How will the key science questions be addressed?

Can we improve dynamical understanding of the El Nino/Southern Oscillation (ENSO) and use this understanding to investigate and correct errors in the representation (including parameterisation) of physical processes in dynamical models?

Observations from the Argo array, Indonesian Throughflow (ITF) current time series and improved satellite data-streams (from surface validation) will lead to an improved understanding of ENSO.  Data assimilated into models will enable realistic mechanisms to be determined.  Ongoing projects will lead into the above questions.  Analysis and interpretation of the observations will be supported by CAWCR  modelling activities in POAMA and ACCESS.

Are we able to improve dynamical understanding of the Indian Ocean Dipole (IOD).  How do decadal periods of high IOD activity depend on the depth of the thermocline off Sumatera as a pre-condition?

These questions require long-term datasets provided by Argo, satellite platforms, research cruises and improved ocean and coupled models.  The ITF array will provide long-term measurements of the strength of this inflow – vital to understanding the climate influences of the Pacific-Indian Ocean connection. Researchers at UNSW  have recently taken the lead in IOD research and some activity is ongoing in CAWCR.  Modelling at both institutions supports analysis and interpretation.  A new UNSW collaboration with a leading ocean-climate modelling group in Kiel, Germany will address the above questions.

How could the Madden Julian Oscillation (MJO) be used to predict climate (e.g. rainfall patterns) at intraseasonal to interannual timescales?

How does the MJO interact with other recurrent climate processes, such as ENSO, IOD and the Australian monsoon?

How does intraseasonal variability interact with the upper ocean off northwest Australia?

How can the observed correlation of interannual tropical cyclone activity to seasonal SST be incorporated into dynamical prediction models?

Improved understanding and modelling of seasonal and intraseasonal climate and severe weather hinges on better resolving and simulating ocean-atmosphere fluxes and upper ocean responses.  The SOOP SST, flux measurements and the next stage RAMA (Research Moored Array for African–Asian–Australian Monsoon Analysis and Prediction) buoy will provide improved resolution of near-surface diurnal cycles and surface fluxes.
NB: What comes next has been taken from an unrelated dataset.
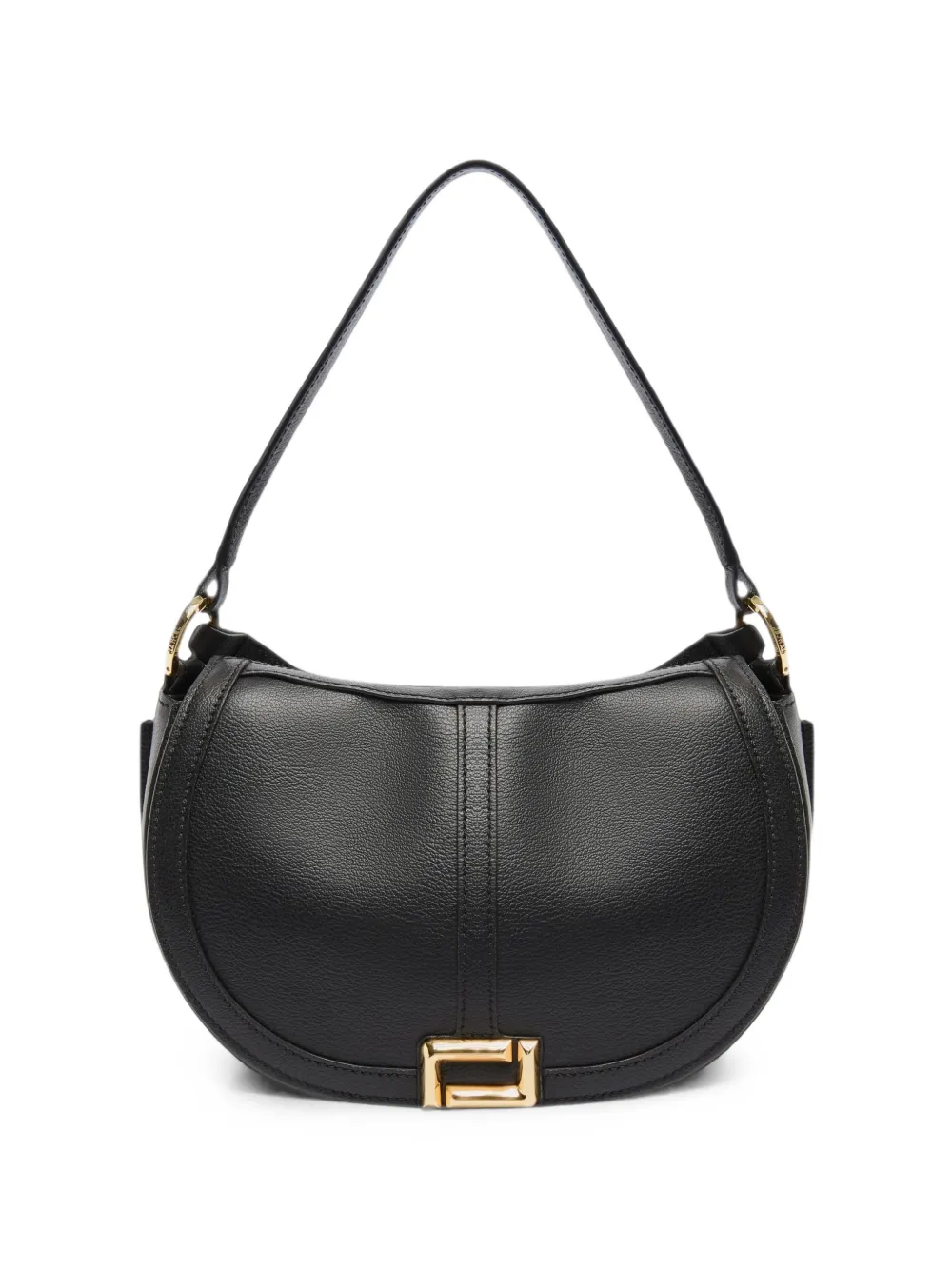 Lancel small logo-plaque leather shoulder bag - Black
This research is carried out primarily at CAWCR, in close coordination with ENSO research.

How do interactions between the atmosphere and the ocean surface layer, e.g. the exchange of heat and moisture, affect climate processes?

Identify the mechanisms that control SST in different climate modes at different times through heat budget studies?

Observations from the flux moorings, underway measurements (flux, SST) and Argo will provide important contributions to this question.  In particular the Southern Ocean surface flux mooring will determine the magnitude and variability of air-sea heat, freshwater and carbon exchange for the Southern Ocean and waters around Australia.

Are we able to improve the data assimilation and initialisation systems in POAMA (Predictive Ocean Atmosphere Model for Australia)?

Improvements in both assimilation and initialisation of POAMA is centrally related to both the quantity and quality of observations of temperature, salinity and surface height available from both in situ and satellite sources.  The IMOS contributions to the Argo array, XBT lines, support for satellite calibration-validation are of major importance.